The lawsuit details months of requests for help with numerous delayed or nonexistent responses by officers.

In late September, Carter put in a sick call request, saying that “walking more than 25 feet is close to torture” — but according to the lawsuit, he didn’t see the nurse for three more days. In early October, he submitted a similar sick call, saying “I CAN’T WALK!” but when he saw the JCC physician several days later, the doctor refused to treat him, the lawsuit says.

In other cases, Carter claims JCC deputies made his day-to-day life unnecessarily difficult while he struggled to navigate the prison with his disability.

For instance, Carter was restricted from outside recreation time because there were no ramps to exit any of the dorms he was housed in, the lawsuit says. He also could not see visitors because the visitation area was inaccessible due to the far distance from his cell. And when Carter was scheduled for a court appearance, JCC staff would toss him in and out of the transport vehicle in a “trust fall” into the officer’s arms, but the officers “occasionally missed and dropped him,” the lawsuit says.

Another shower accident, roughly two months after his initial slip, complicated his condition and access to prison facilities, the lawsuit said. 

Told to take a five-minute shower using a plastic chair without his wheelchair, Carter lost his balance, slipped, fell and lost consciousness, the lawsuit says. He did not see a nurse for several days, and when he was finally transported to LSU Shreveport Medical Center to see a physician, neurosurgeon and neurologist, his situation had further deteriorated. 

His symptoms after the fall included “head pain, worsened neck pain, worsened/new back pain, visual change/blurry vision, numbness in his extremities, shoulder pain, and headaches,” the lawsuit says. Carter’s MRI reading showed “one of the lumbar disc bulges…indenting [his] nerve root in his spinal canal.” 

While Carter claims he was prescribed physical therapy and referred to outpatient clinics at the hospital, he was never given access to such treatment at JCC, according to the lawsuit.

In the meantime, the lawsuit says the deputy sheriffs would sometimes deprive Carter of his wheelchair for hours or days, restricting his access to toilets, showers and the prison phones. When he tried to walk, he would often fall.
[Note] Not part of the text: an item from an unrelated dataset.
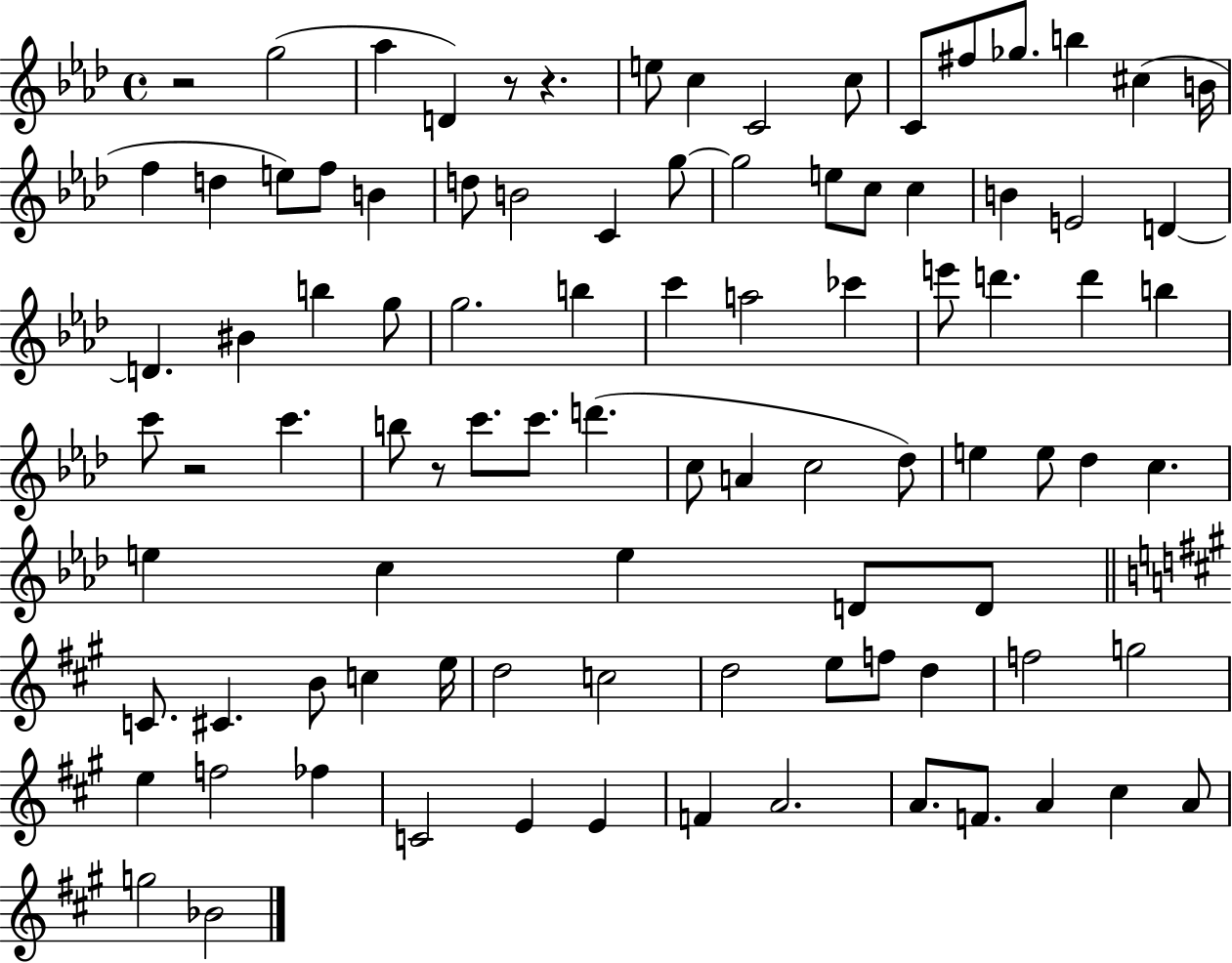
R/h G5/h Ab5/q D4/q R/e R/q. E5/e C5/q C4/h C5/e C4/e F#5/e Gb5/e. B5/q C#5/q B4/s F5/q D5/q E5/e F5/e B4/q D5/e B4/h C4/q G5/e G5/h E5/e C5/e C5/q B4/q E4/h D4/q D4/q. BIS4/q B5/q G5/e G5/h. B5/q C6/q A5/h CES6/q E6/e D6/q. D6/q B5/q C6/e R/h C6/q. B5/e R/e C6/e. C6/e. D6/q. C5/e A4/q C5/h Db5/e E5/q E5/e Db5/q C5/q. E5/q C5/q E5/q D4/e D4/e C4/e. C#4/q. B4/e C5/q E5/s D5/h C5/h D5/h E5/e F5/e D5/q F5/h G5/h E5/q F5/h FES5/q C4/h E4/q E4/q F4/q A4/h. A4/e. F4/e. A4/q C#5/q A4/e G5/h Bb4/h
His mother purchased him a wheelchair for his use since he so regularly went without, but the guards would sometimes give his wheelchair to other inmates, the lawsuit says.

“For many activities, he just gave up, but had no choice but to find a way to get to the restroom, or into his bunk to sleep or rest,” the lawsuit says.

Without assistance, Carter would have “no choice but to crawl across the floor” to use the bathroom, the lawsuit says. “At times, he urinated or defecated on himself if he was unable to access the facilities.”

Carter took a plea deal to one count of distribution of methamphetamine in March 2019, according to his attorney.

When Carter was released, the lawsuit says he initially could not walk or stand and suffered from pain throughout his body, among other ailments. However, in a recent interview with The Advocate, Carter said he is now “ambulatory” after surgery to address some of his condition. 

In addition to accusing LaSalle, JCC and other parties of negligence, Carter’s lawsuit alleges the company failed to provide adequate accommodations for his disability in violation of his civil rights.

“It was a horrible, frightening experience,” Carter said in his recent interview. “I thought when I got out I could resume my normal life. Only I haven’t been able to resume my normal life completely.”

Carter’s attorneys, Casey Denson and Kenneth Bordes, said they hope their work can prevent inmates from suffering as Carter has.

“As we enter the year 2021 we are still seeing rampant corruption and incomprehensible numbers of civil rights violations within our Louisiana prisons,” Bordes said. “It is not working, and we must do better.”